- [Entries shown]:

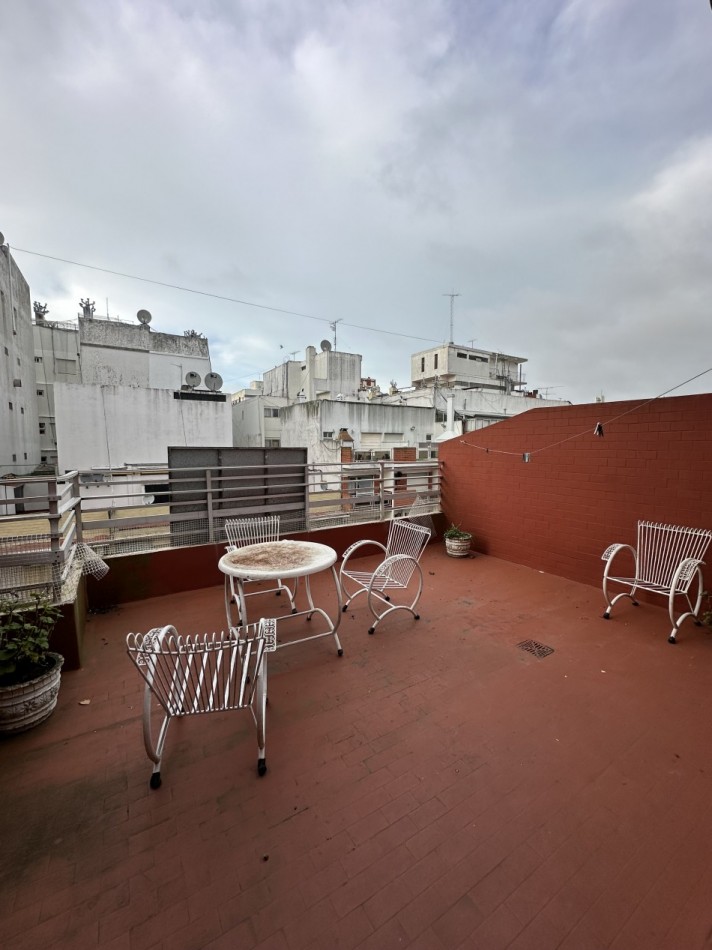 Excelente depto 2 ambientes arenales 2200 con excelente balcon terraza 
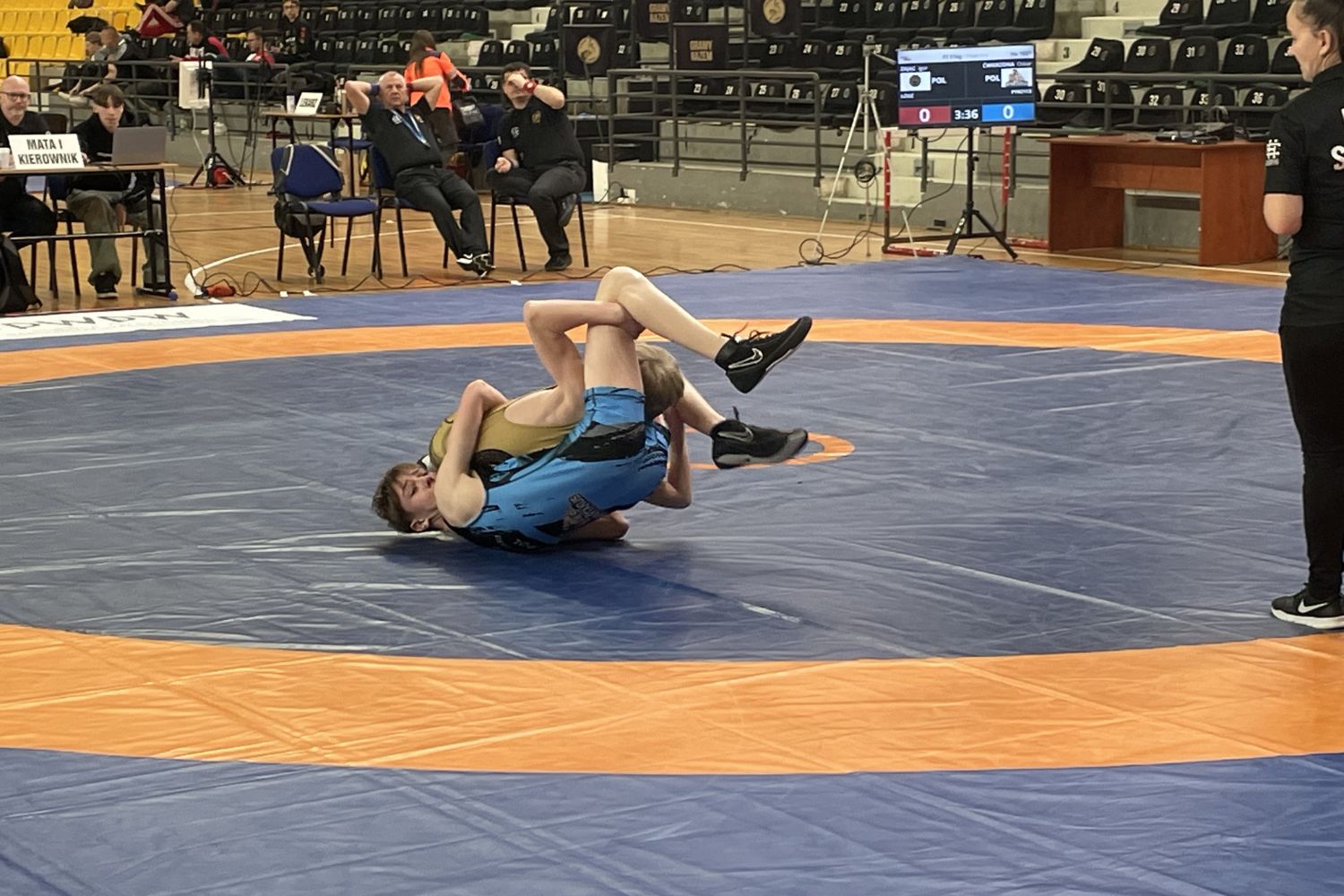 Tylko Znicz Chęciny z medalami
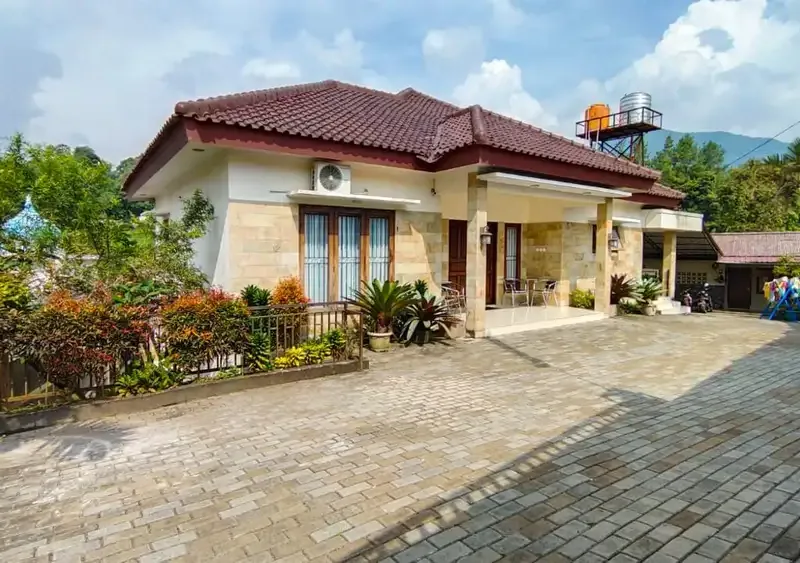 Villa Aisyah Attamimi Cisarua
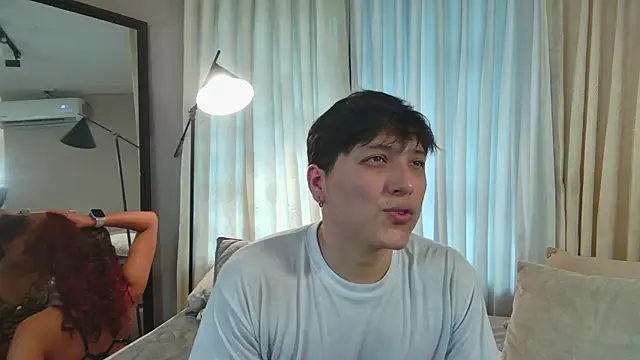 Mia and Belmonth online show from May 18, 2026, 7:18 pm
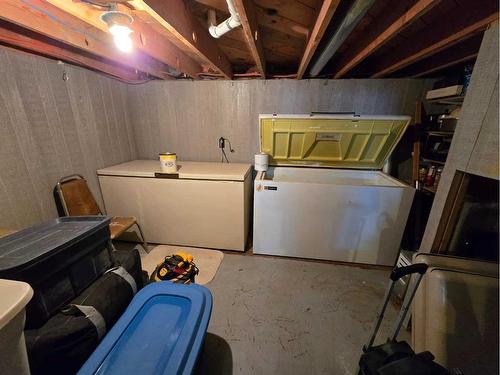 94065 Rr 211, Rural Lethbridge County, AB - Indoor Photo Showing Laundry Room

- [Work instruction]: The lines from the one containing "Mia and Belmonth" through the last line above are to be repeated exactly, and only those. Any pictures must be left out.

- [Written answer]:
 Mia and Belmonth online show from May 18, 2026, 7:18 pm
 94065 Rr 211, Rural Lethbridge County, AB - Indoor Photo Showing Laundry Room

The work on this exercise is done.